START Supplied material

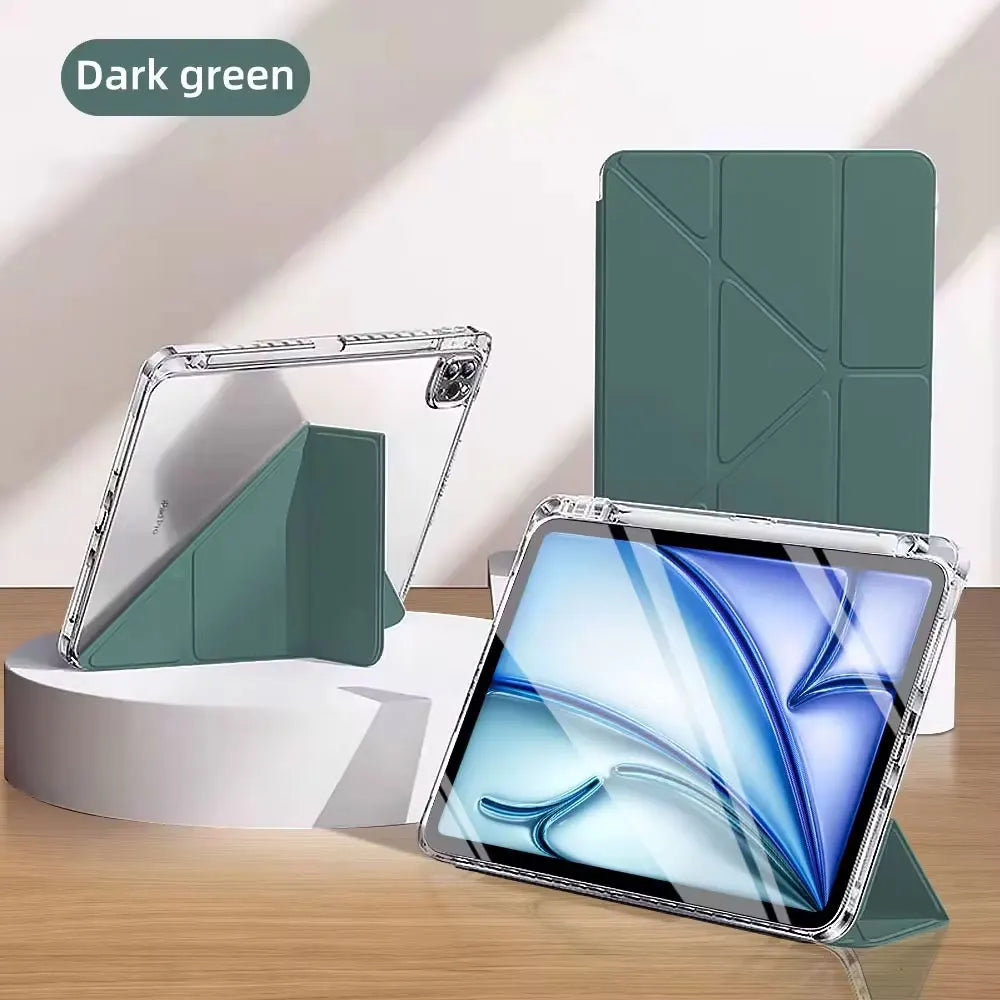 Clear Case For iPad Pro 11 iPad 10.2 7th 8th 9th 10th Gen Cover iPad Air 6 5 4 3 10.2 10.9 13 12.9 M2 M4 mini 6 7 8.3 Clear Case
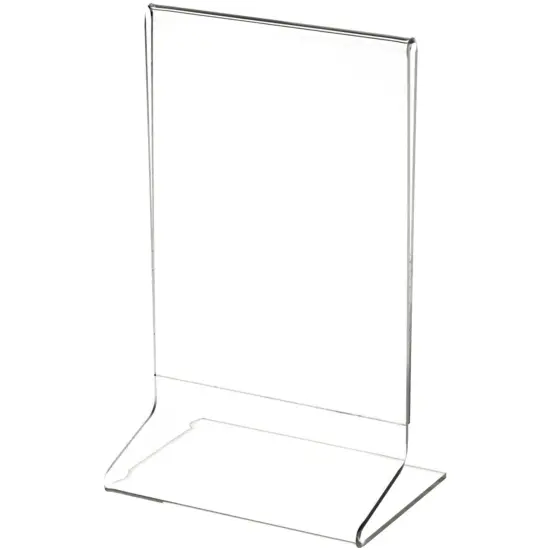 Plymor Clear Acrylic Sign Display / Literature Holder (Side-Load), 4" W x 6" H {2}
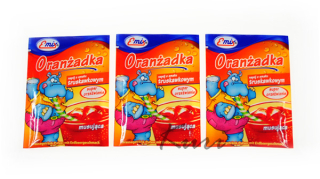 Oranżada prášok šumivý emix jahoda 40ks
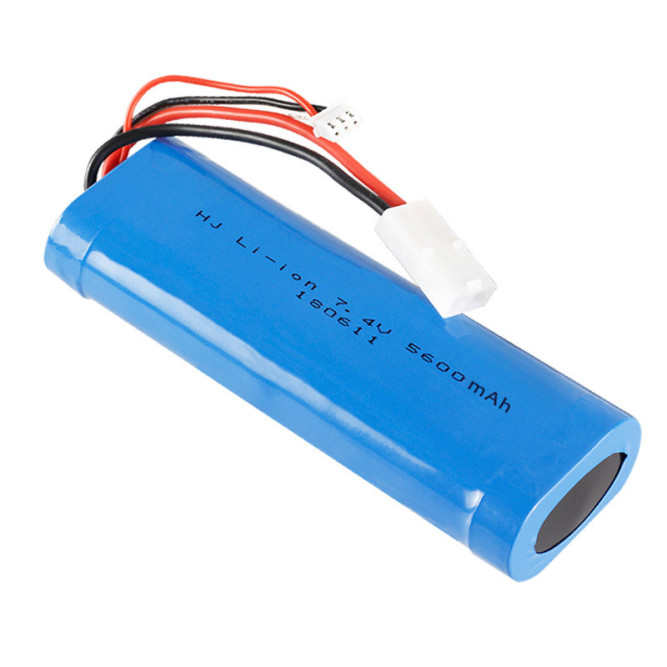Аккумулятор Li-Ion 7.4V 5600 mAh, разъем Tamiya - HJ-210718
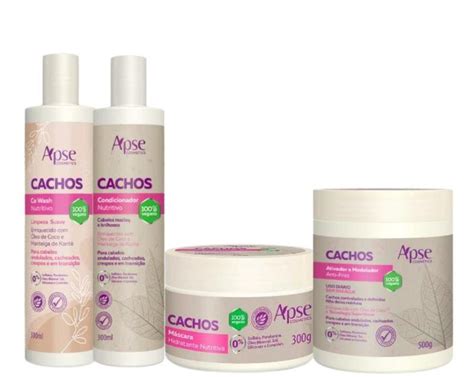 Kit Apse Cachos Co Wash Condicionador M Scara E Ativador Apse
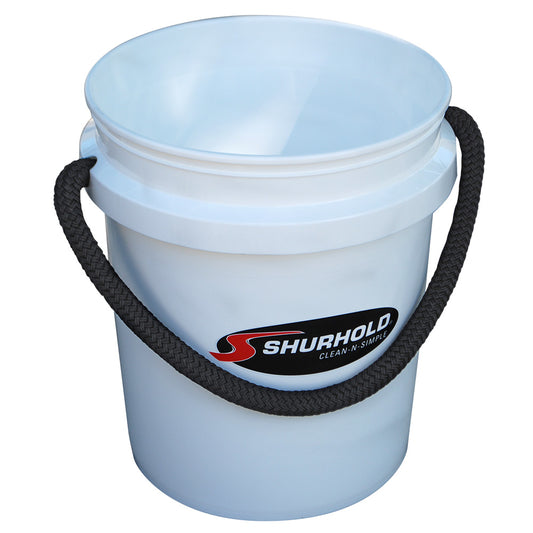 Shurhold Worlds Best Rope Handle Bucket  5 Gallon  White 2451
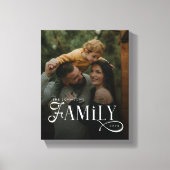 Modern Script Family Custom Photo Name  Canvas Afdruk (Voorkant)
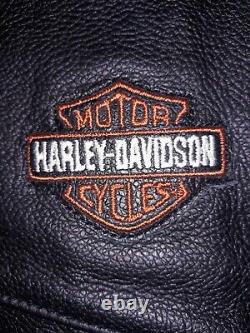Nwot Harley Davidson Taille Des Femmes Petit Bar Et Bouclier Snap Chaps En Cuir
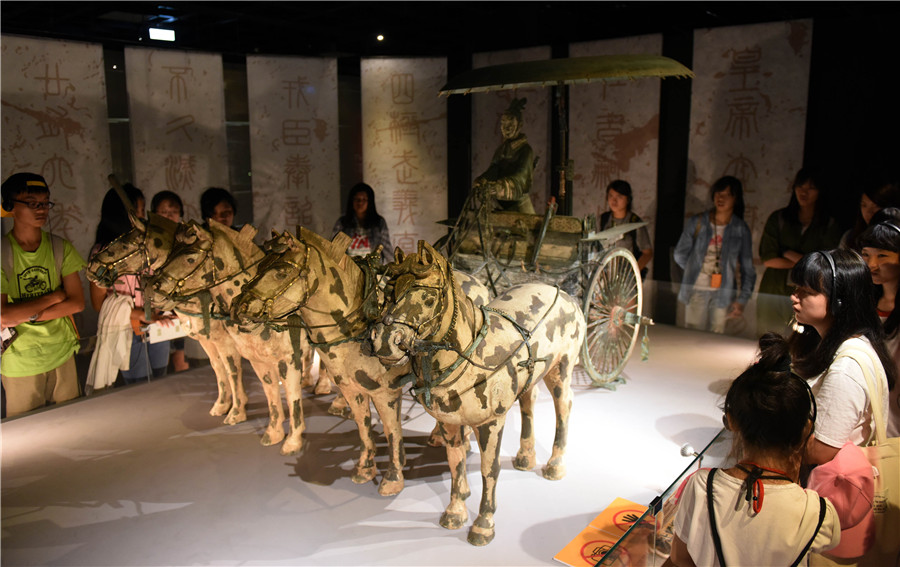 A look at exhibition featuring Qin Culture in SE China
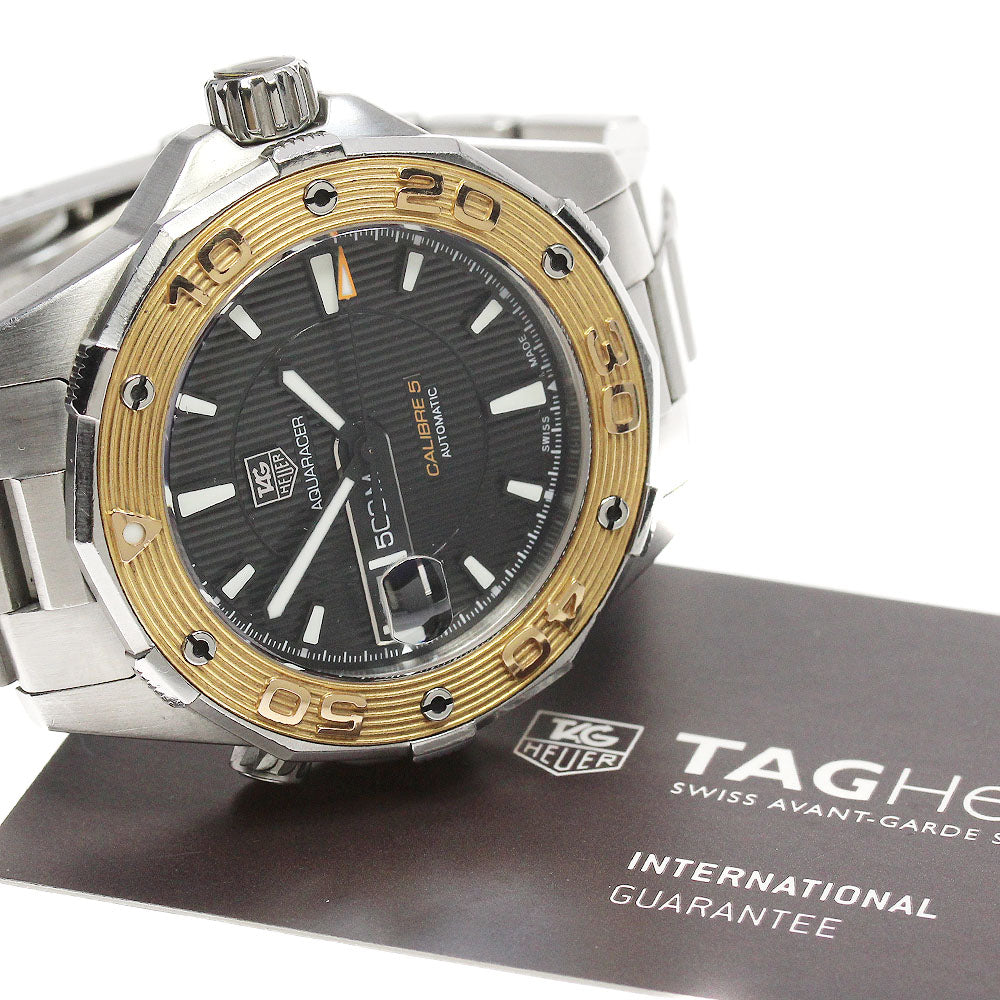 TAG HEUER Aqua Racer Caliber 5 WAJ2150 Date K18PGBezel Automatic Men's_862148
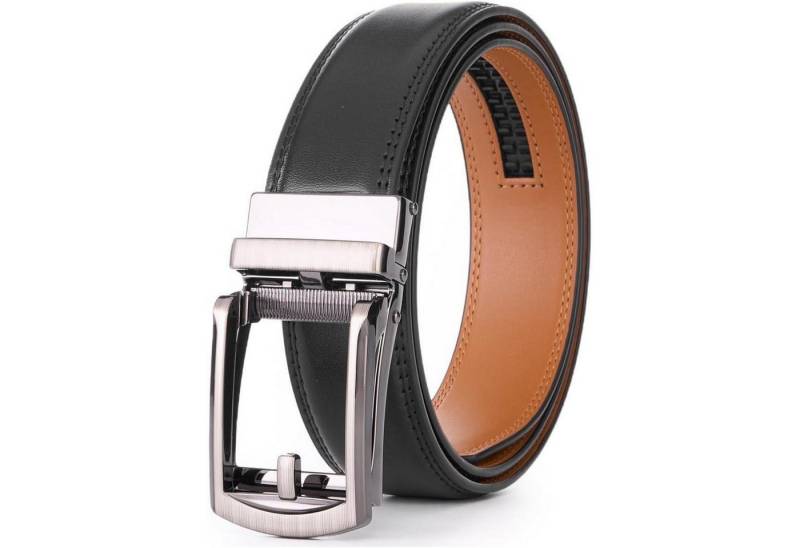 LuxusKollektion Ledergürtel Ledergürtel Herren Automatik Schwarz Taille 30W-36W=Länge 110cm von LuxusKollektion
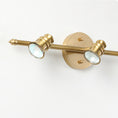 Load image into Gallery viewer, Halophane Brass Wall Lamp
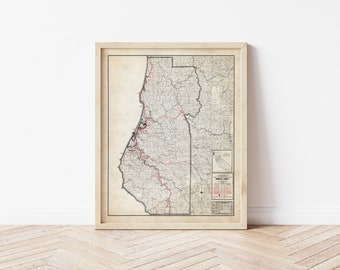 Humboldt County California Map Art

END Supplied material

### About this exercise
Exact copy, pictures excluded: every line above from the one containing "Shurhold Worlds Best" to the one containing "Nwot Harley Davidson", inclusive, and nothing more.

### Task output
 Shurhold Worlds Best Rope Handle Bucket  5 Gallon  White 2451
 Modern Script Family Custom Photo Name  Canvas Afdruk (Voorkant)
Nwot Harley Davidson Taille Des Femmes Petit Bar Et Bouclier Snap Chaps En Cuir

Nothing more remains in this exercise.